The wide range of possible geoprocessing operations might give the impression that geoprocessing provides lots of different answers in search of a problem. Geoprocessing is used very frequently when doing GIS. Sometimes it is a principal analytical method but it is also often needed in order to sort out rather mundane issues such as minor topological errors and generally put the geometry into shape ready for further analysis.

Geoprocessing can be applied whenever a change to the geometry of the layers you are interested in can be achieved by applying a rule or a set of rules.

The alternative to geoprocessing is to edit the layers manually. This may be necessary if you can’t find a rule that does the job that you want. However it is usually much more time consuming.

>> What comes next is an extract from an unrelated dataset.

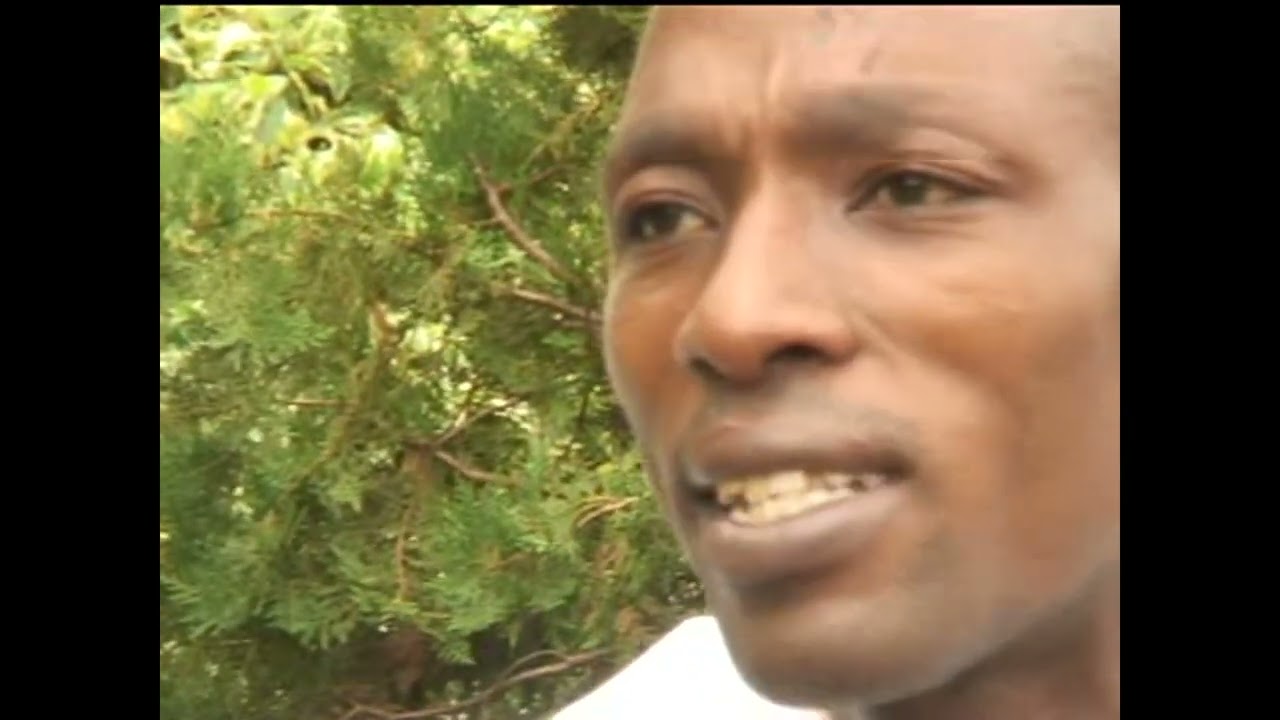 JEHOVAH WI KIHOTI  BY SAMUEL MAINA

The geoprocessing toolbox is the general problem solving workshop of vector GIS. It is quite difficult to teach the use of geoprocessing. Every problem that arises tends to be different in nature. Geoprocessing tools usually have to be used in a series of steps. As you learn what geoprocessing does it becomes increasingly easy to implement these steps and choose a method that will fix a problem you have. Using R scripts or postgis makes the steps quick and reproducible. Postgis can be used directly for server side geoprocessing on very large data sets.

Think carefully when running geoprocessing operations. It is important to be aware of the connection between the attribute table in the original layer(s) and the new geometry. As geoprocessing works on the geometry the match between geometry and attributes often breaks down. In particular, areas and lengths usually have to be recalculated.

9.2 QGIS

Although geoprocessing is best achieved using code, the QGIS GUI produces visual output quickly and easily. It is very useful when learning geoprocessing techniques as the results can be seen quickly.

Geoprocessing in QGIS became much easier when the program introduced temporary scratch pad layers. This is a great feature of QGIS. A series of operations can be built up using intermediate temporary layers without the need to save each one. This avoids filling a project folder with unecssary layers. However always remember that the layers are temporary and will be lost if not saved.

The geoprocessing tools are found as the first element below the vector heading on the top menu of QGIS (they can also be found in the toolbox if that is open).

If you are new to the concept it is well worth opening the menu and browsing the tools. Each one has a clear textual description of what it does along side. There is no point in repeating this text here.

Let’s put geoprocessing to use.

Action

Load the Arne priority habitat layer from the Arne schema produced by the code in section 7.3.4 from the postgis connection.
Right click on the layer to open the properties menu
Go to symbology and choose categorized (not shown in the figures below)
Shade the layer using the main habitat category.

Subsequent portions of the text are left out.